Minor note: Virginia lost Teven Jones to transfer. His playing time fell off last year, so this was not a huge surprise, but he did play 500 minutes in his career, and he was expected to be a backup guard next season. His departure makes a miniscule change in Virginia’s projection. This caused Virginia to fall below Villanova and Wichita St.

Dropping Out of My Top 25

Michigan – Mitch McGary (pro), Glenn Robinson (pro), Jon Horford (transfer): I thought Michigan could be a Top 10 team even without Nik Stauskas, but after losing basically the entire front-court, Michigan will have to deal with somewhat of a rebuilding process, at least early in the season. You are going to start hearing a lot about red-shirt freshman forward Mark Donnal in the coming weeks. Donnal was not a consensus Top 100 recruit, but he was a 4-star prospect, and he is the type of player that should have an impact offensively. But keep in mind that Donnal did not burn his red-shirt when Mitch McGary went down last year. The fact that he didn't says we shouldn't expect Donnal to be a superstar. If Michigan adds a JUCO forward, that would likely move the Wolverines back into my Top 25, but right now the front-court depth is lacking and Michigan sits at 26th in my projections. 

Colorado – Spencer Dinwiddie (pro): Because of the sophomore leap, I expect a number of Colorado’s players to get better this year. But there is no way they can be ranked without Spencer Dinwiddie. Colorado’s margin-of-victory fell to 77th late in the season with Dinwiddie out. Saying that Askia Booker's experience can make up for Dinwiddie’s departure is a joke. Dinwiddie had an ORtg of 129 last year, while Booker's ORtg was 99. Top 100 recruit and PG Dominique Collier will help a lot, but given where he is ranked, he is probably about a year away from dominating at the college level.

Maryland – Nick Faust (transfer), Shaq Cleare (transfer), Roddy Peters (transfer): Maryland was my sleeper team, but they fall a little bit due to these departures. Maryland was still incredibly unlucky last season. By just winning a few more close games, they should be in the NCAA tournament hunt. And they bring in a great recruiting class. But without Faust, they no longer project as a Top 25 team.

Baylor – Isiah Austin (pro): I thought after Austin’s stats fell off in every area and after he was no longer projected as a first round pick that Austin might spend another year in college. I was wrong. I don't hate the Bears roster. Kenny Chery, Royce O'Neale, and Rico Gathers are all talented players.
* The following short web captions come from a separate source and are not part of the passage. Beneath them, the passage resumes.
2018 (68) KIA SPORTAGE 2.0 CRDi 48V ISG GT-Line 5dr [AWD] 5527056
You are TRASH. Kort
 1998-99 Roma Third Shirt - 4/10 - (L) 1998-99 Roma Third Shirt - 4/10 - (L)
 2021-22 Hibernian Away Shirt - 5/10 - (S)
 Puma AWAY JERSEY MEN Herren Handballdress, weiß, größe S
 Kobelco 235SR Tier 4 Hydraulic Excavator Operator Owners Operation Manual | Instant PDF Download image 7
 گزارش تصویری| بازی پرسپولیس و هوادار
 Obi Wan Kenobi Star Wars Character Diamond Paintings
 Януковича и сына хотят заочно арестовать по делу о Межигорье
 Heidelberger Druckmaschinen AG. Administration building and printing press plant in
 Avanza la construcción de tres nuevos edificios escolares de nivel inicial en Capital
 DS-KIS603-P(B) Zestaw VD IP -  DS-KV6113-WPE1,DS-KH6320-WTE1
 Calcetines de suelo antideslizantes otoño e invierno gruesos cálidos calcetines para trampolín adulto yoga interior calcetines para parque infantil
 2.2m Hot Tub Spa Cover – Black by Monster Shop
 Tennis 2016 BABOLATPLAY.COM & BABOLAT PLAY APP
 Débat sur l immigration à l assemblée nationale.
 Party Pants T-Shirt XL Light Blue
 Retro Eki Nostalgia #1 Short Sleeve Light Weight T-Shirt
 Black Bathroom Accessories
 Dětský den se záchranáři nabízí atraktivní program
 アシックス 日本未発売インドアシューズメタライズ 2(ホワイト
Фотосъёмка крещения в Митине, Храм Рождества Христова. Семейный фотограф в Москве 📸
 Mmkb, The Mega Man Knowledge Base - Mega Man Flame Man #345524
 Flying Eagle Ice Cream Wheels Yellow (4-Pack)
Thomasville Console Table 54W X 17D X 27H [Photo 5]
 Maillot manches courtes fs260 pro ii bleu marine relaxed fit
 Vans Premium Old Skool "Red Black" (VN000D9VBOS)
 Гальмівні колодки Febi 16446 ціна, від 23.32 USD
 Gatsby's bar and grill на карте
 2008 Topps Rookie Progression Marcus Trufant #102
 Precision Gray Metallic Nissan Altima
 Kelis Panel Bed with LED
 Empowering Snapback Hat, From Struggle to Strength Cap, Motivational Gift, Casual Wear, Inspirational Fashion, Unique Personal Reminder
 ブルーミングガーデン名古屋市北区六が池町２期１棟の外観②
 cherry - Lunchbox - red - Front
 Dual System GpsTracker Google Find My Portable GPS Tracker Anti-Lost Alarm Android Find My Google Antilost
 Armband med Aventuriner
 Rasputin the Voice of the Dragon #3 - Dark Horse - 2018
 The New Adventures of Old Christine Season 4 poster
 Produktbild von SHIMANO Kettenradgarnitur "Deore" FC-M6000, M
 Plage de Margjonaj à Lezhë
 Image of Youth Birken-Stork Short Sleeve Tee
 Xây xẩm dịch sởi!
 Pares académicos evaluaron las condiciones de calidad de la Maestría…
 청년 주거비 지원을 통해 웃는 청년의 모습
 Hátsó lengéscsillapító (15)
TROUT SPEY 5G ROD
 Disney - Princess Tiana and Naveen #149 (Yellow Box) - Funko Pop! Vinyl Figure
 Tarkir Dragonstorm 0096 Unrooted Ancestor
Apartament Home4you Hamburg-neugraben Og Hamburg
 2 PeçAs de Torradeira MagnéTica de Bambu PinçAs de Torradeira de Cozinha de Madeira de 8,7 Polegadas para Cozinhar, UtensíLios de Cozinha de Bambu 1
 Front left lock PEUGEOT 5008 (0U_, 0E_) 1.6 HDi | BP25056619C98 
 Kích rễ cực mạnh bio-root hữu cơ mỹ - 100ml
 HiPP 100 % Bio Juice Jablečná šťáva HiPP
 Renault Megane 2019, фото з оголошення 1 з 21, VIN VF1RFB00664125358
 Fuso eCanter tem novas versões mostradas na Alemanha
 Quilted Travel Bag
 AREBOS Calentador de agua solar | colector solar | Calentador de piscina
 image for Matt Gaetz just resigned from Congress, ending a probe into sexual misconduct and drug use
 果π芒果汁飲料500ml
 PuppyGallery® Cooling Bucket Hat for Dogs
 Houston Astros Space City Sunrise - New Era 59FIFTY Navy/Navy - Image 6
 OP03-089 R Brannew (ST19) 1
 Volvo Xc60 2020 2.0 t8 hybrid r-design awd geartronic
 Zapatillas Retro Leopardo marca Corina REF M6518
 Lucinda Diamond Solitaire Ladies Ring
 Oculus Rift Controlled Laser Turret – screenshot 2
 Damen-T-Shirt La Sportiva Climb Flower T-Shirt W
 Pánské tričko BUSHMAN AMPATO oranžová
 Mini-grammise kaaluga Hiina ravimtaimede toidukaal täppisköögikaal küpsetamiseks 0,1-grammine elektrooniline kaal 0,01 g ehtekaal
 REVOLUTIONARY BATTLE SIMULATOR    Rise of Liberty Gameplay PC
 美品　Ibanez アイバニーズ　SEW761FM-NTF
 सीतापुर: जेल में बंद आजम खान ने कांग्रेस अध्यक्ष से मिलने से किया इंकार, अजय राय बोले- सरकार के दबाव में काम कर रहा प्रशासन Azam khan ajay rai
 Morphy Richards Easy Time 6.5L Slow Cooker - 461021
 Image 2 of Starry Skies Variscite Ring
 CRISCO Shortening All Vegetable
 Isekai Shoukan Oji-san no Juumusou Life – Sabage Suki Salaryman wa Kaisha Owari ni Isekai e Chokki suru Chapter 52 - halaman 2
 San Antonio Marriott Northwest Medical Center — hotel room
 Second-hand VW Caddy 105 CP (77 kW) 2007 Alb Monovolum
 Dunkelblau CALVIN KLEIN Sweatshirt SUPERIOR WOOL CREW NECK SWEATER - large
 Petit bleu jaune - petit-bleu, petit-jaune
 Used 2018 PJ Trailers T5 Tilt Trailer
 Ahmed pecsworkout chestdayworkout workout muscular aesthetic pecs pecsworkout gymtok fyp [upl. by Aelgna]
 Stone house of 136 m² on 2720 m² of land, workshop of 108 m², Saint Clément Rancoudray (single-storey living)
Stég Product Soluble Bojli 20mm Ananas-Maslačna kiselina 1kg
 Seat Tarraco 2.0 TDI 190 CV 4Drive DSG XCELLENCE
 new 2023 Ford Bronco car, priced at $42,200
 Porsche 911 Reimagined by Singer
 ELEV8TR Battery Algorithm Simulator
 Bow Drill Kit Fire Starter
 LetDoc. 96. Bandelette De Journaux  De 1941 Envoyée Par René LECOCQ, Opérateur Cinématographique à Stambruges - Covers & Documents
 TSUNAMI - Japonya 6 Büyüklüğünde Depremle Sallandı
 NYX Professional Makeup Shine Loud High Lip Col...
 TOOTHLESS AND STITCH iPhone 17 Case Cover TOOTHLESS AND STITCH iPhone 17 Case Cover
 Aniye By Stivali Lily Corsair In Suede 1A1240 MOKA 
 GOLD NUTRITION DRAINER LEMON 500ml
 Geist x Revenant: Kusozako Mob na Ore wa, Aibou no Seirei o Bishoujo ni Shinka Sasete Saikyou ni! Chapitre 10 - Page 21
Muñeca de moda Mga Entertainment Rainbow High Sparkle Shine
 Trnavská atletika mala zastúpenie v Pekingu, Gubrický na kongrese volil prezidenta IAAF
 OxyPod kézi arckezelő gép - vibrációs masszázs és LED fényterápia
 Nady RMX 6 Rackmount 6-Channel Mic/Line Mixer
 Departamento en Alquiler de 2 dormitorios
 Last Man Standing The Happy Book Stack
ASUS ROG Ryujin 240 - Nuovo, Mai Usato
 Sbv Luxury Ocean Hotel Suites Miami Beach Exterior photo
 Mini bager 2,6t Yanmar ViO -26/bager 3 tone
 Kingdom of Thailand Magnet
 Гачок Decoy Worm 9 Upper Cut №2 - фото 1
But they are not quite a Top 25 squad anymore.

Utah – Princeton Onwas (transfer):  Onwas departure knocks Utah out of my Top 25, but they are close, and this should still be the year that Utah returns to the NCAA tournament. (Utah also added an international center, but he hasn’t been fully scouted by the US scouting services, and it is hard to project a big impact for him this year.)

Moving into My Top 25

Iowa St.: Bryce Dejean-Jones committed to Iowa St. this month, and his addition moves the Cyclones from 27th to 17th. Dejean-Jones was a high volume scorer and efficient passer for UNLV.

Oklahoma: While Je’lon Hornbeak wasn’t terrible by any means, he was the least efficient player on Oklahoma last year, and swapping him for a JUCO PG didn’t drop the Sooners. Oklahoma basically moved into the Top 25 because some of the above teams fell out.

Michigan St., San Diego St., Pittsburgh: Gary Harris’ departure was not a surprise, so these teams did not add or lose any key pieces since my initial rankings. But with the above teams losing key pieces, the Spartans, Aztecs, and Panthers moved into the Top 25.